|
If alarm bells are starting to go off in emerging markets, they are also starting to ring here in the U.S. Higher oil prices and an insatiable appetite for foreign goods is driving U.S. trade deficit higher. With the U.S. importing more expensive oil, our trade deficit will be heading higher in the months ahead. A 30% drop in the dollar since 2001 has failed to put a dent in our trade imbalance. This means the U.S. will need to attract a prodigious amount of foreign capital to help fund its twin deficits. Without that foreign capital, the dollar heads lower. The only way to attract more capital is to raise interest rates. However the higher interest rate rise, Greenspan and Co. risk bursting America’s multiple bubbles in mortgages, real estate, bonds, and equities.
(snip)
Companies, consumers, and investors are going to have to cope with higher inflation rates. This also implies collapsing values for anything associated with credit from autos and luxury goods to real estate. While there remains many similarities of today’s markets to the 1970s, there are also differences. One is that the U.S. imports more energy than it did during the 1970s.
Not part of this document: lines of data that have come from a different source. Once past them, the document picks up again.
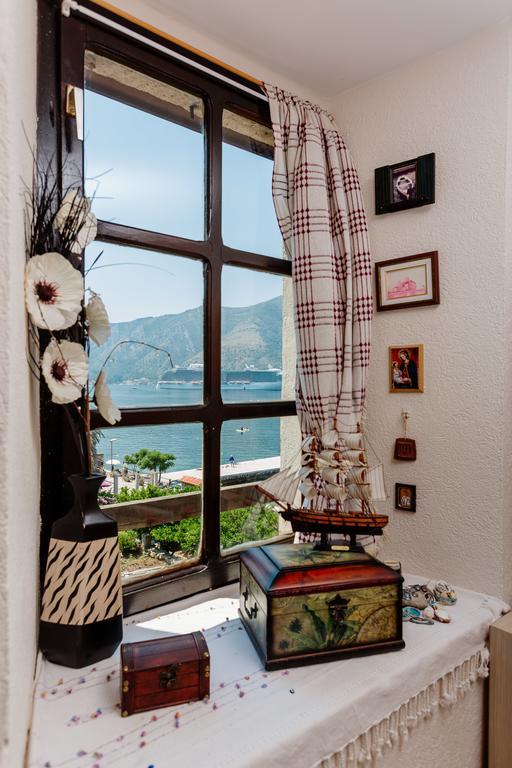 Celine'S Place By The Sea Kotor Eksteriør bilde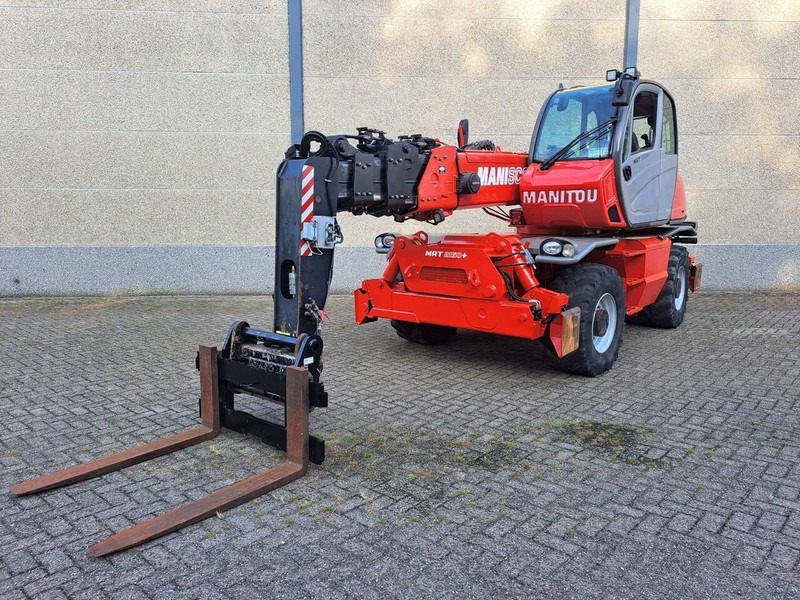 Manitou MRT 2150+ Privilege All-Terrain Rotating Telehandler (2015) - Погрузчик: фото 1 Manitou MRT 2150+ Privilege All-Terrain Rotating Telehandler (2015) - Погрузчик: фото 1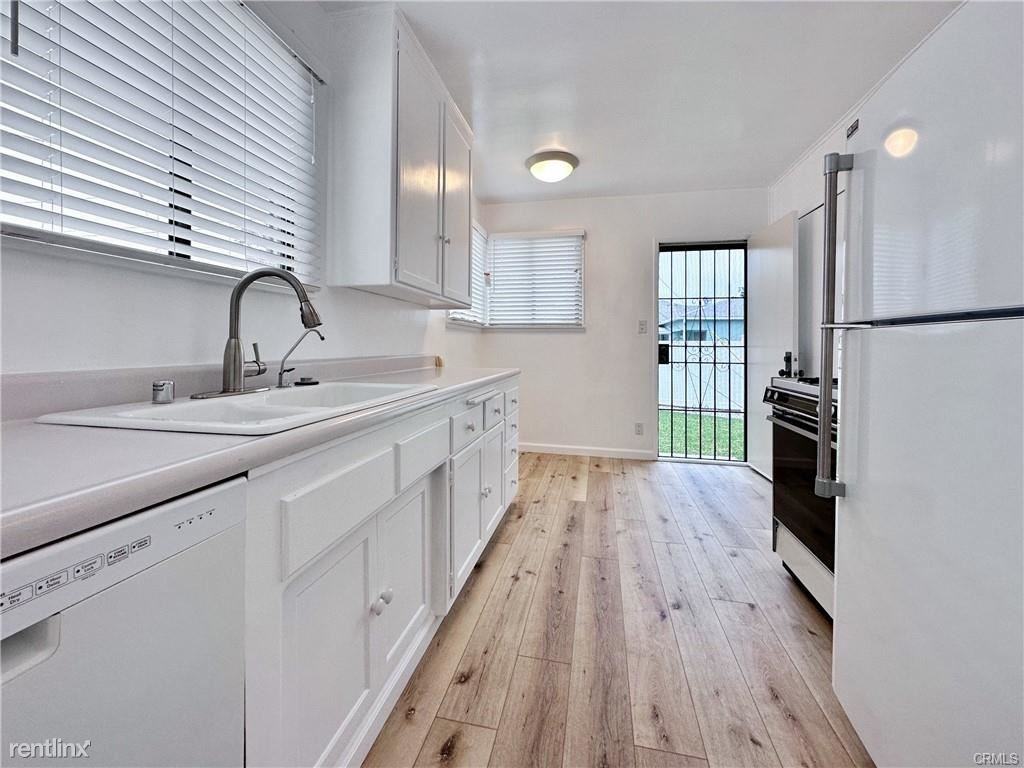 5165 Selmaraine Dr - Photo 3 of 12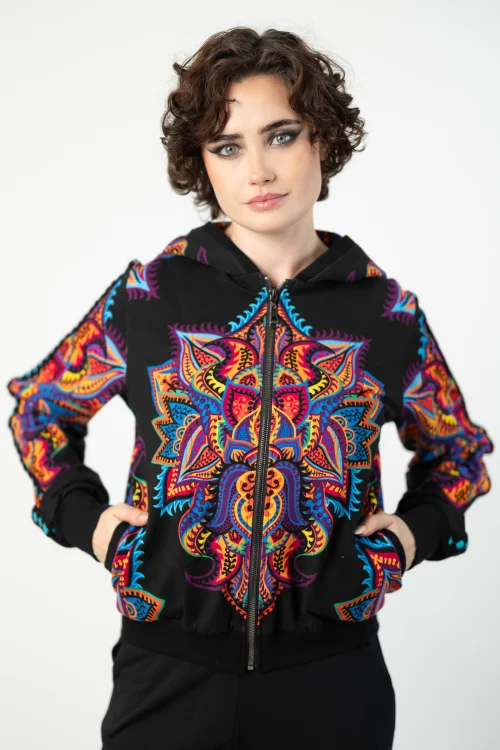 bluza krótka bomberka z kapturem i szydelkowym lampasem na rękawch kolekcja MEXICO violet  marka VIPPI DESIGN (2).jpg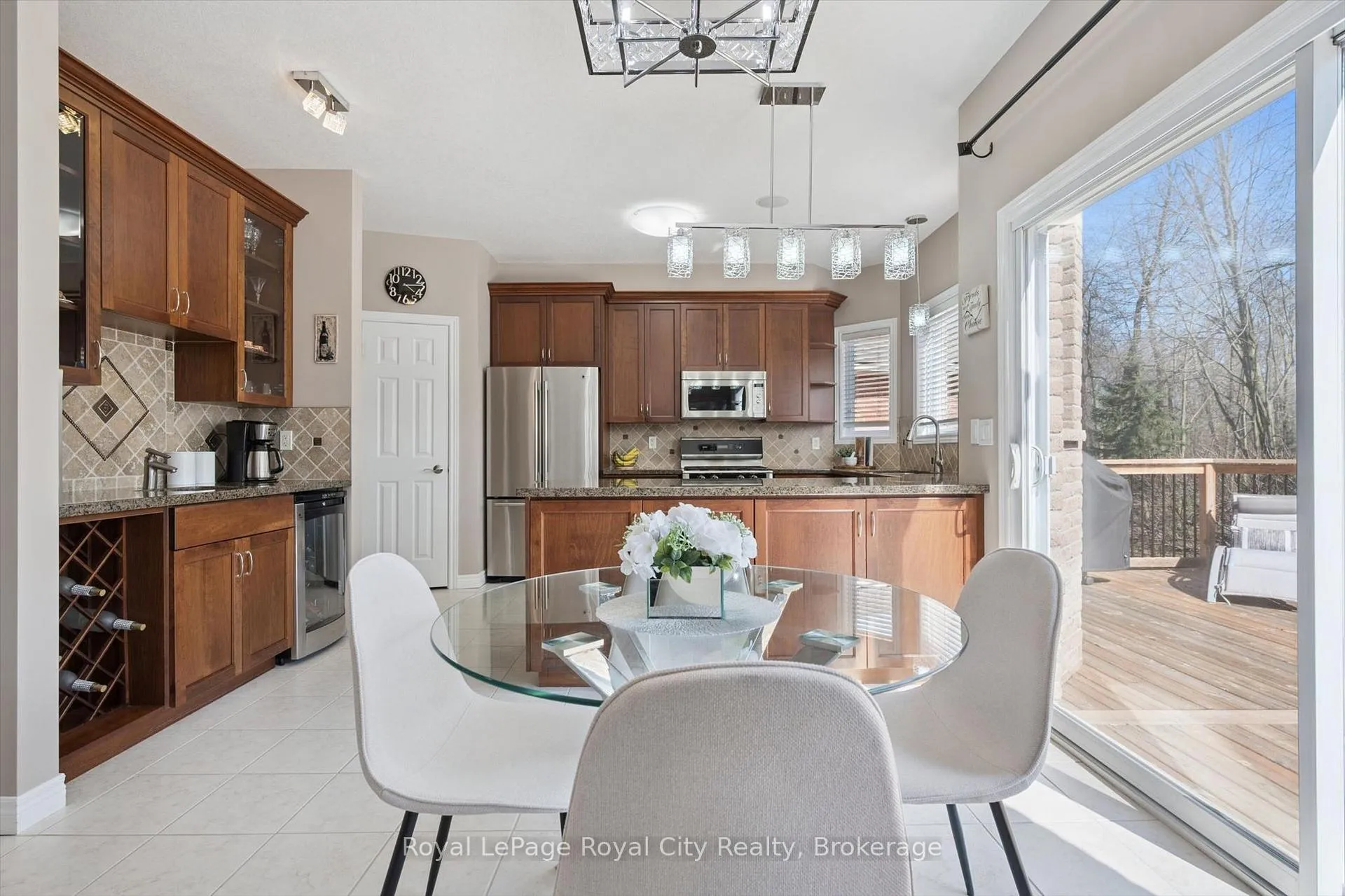 Photo 17 of 760 Willow Road, Guelph, Willow West/Sugarbush/West Acres — HOMEH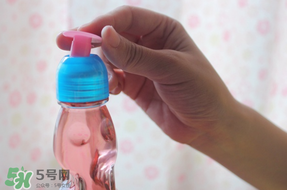 彈珠汽水怎么開？彈珠汽水怎么開不會(huì)噴？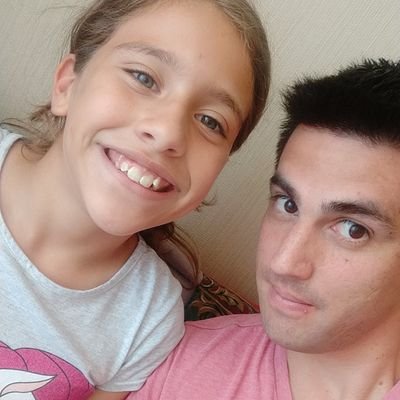 Chileno, atleta, pregrado kinesiología en la Pontificia Universidad Católica de Valparaíso.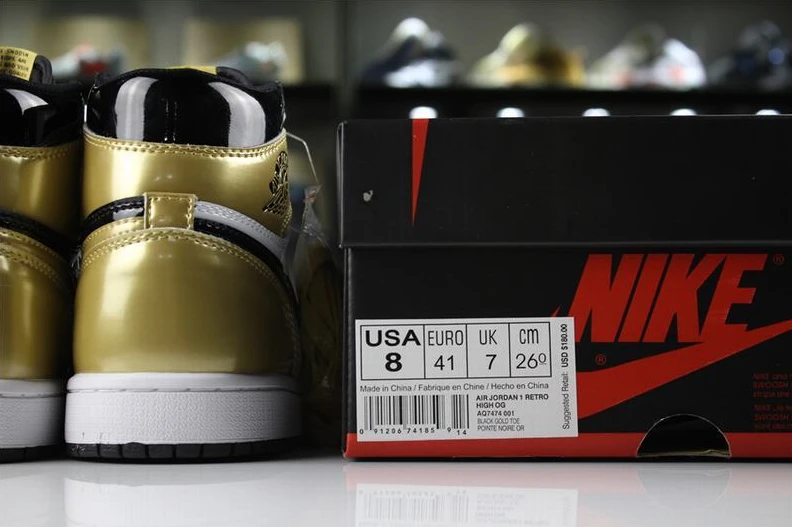 Air Jordan 1 Gold Toe-01
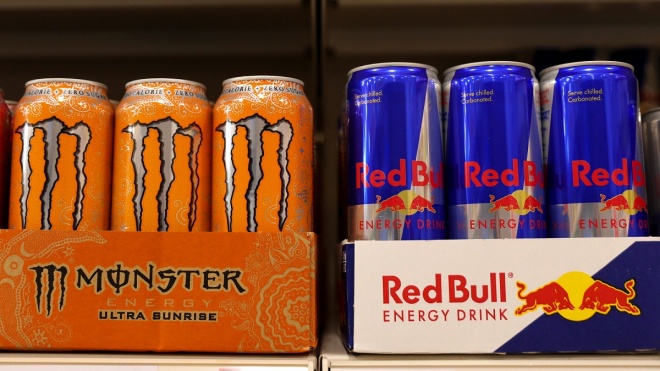 値下げも効果なし？レッドブルが「モンスターエナジー」に勝てない理由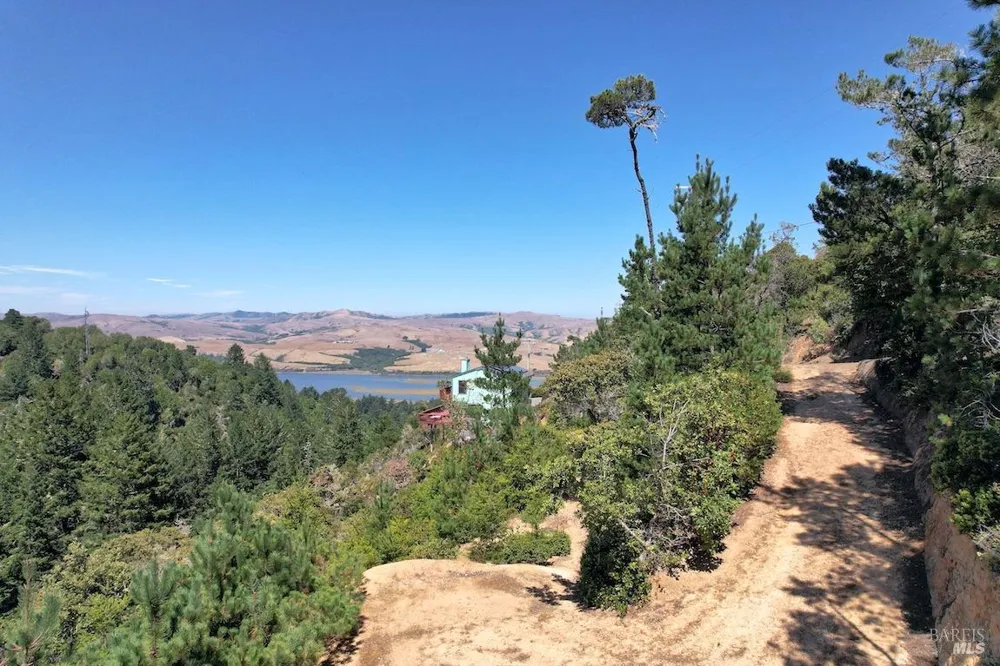 W Robert Drive Inverness, CA 94937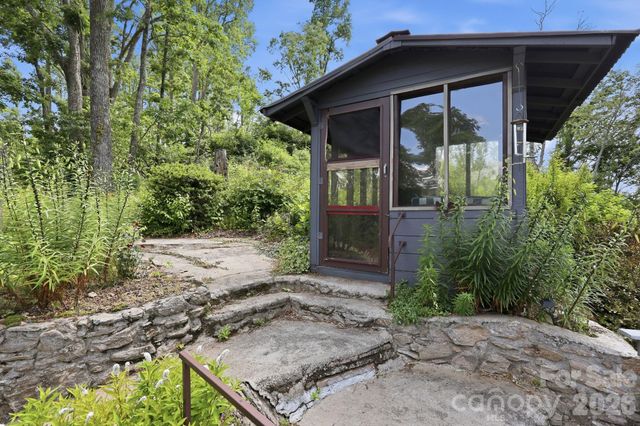 854 Ox Creek Crest Lane, Weaverville, NC 28787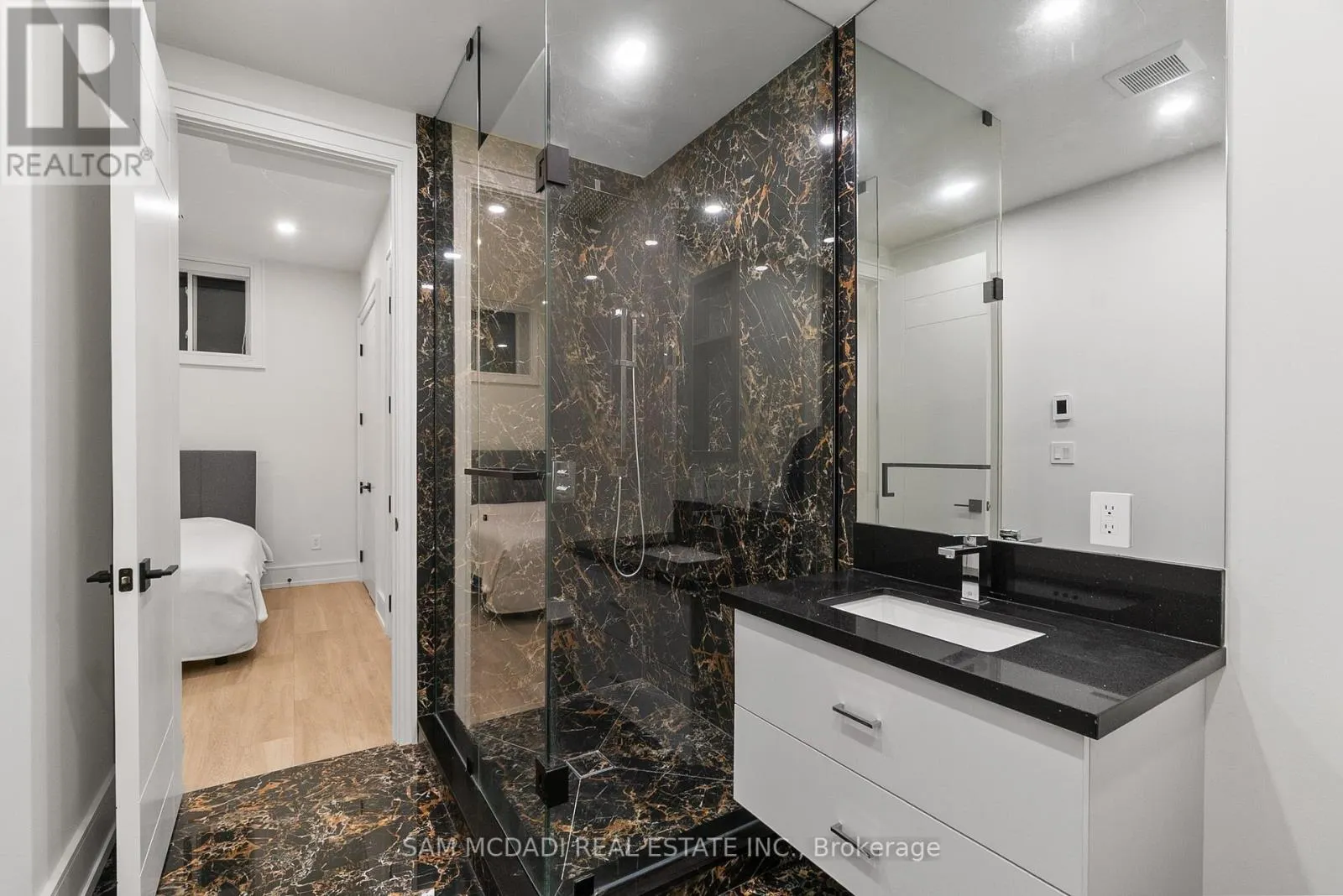 1509 PEMBROKE DRIVE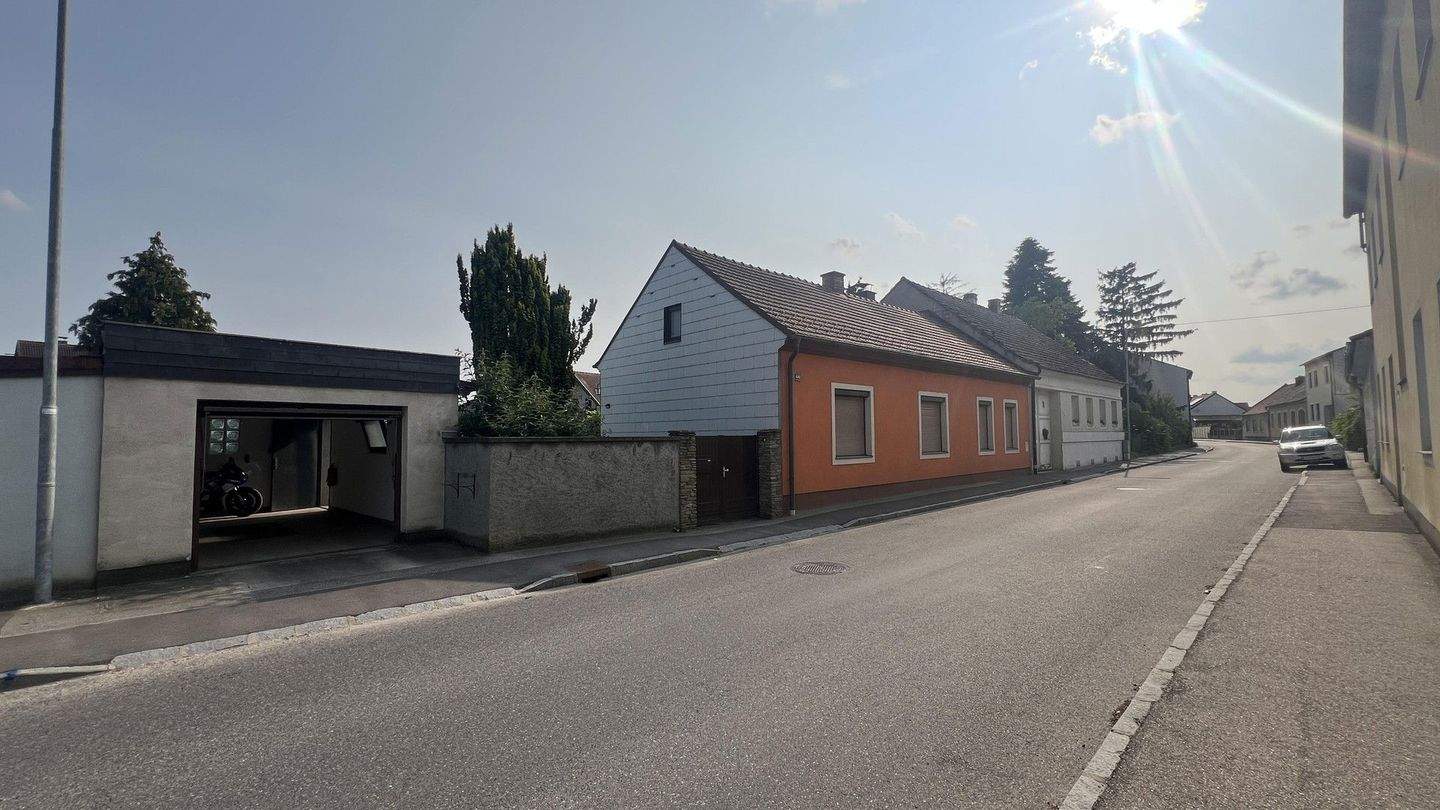 Casa de 6 habitaciónes en Absdorf, Austria No. 228333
We are also heading towards peak oil production. The higher oil prices of the 70’s were a geopolitical concern. Today they are geological as well as geopolitical. There is less aboveground stockpiles of commodities. Our energy and commodity infrastructure, the basis of a modern industrial society has been ignored and allowed to go into disrepair. New energy and alternative energy sources will take time to find and develop. That is why commodity prices will only head higher in the years ahead. It is why Pimco has started a commodity fund. It is why investors such as Steve Leuthold is buying commodities and storing them in warehouses. It is also why the smart money has been moving into gold, silver, commodities and foreign currencies and hard assets. The Fed is behind the yield curve and so is Wall Street. It is time to get real as in owning real assets. The time is now before the stampede begins or the unraveling unfolds.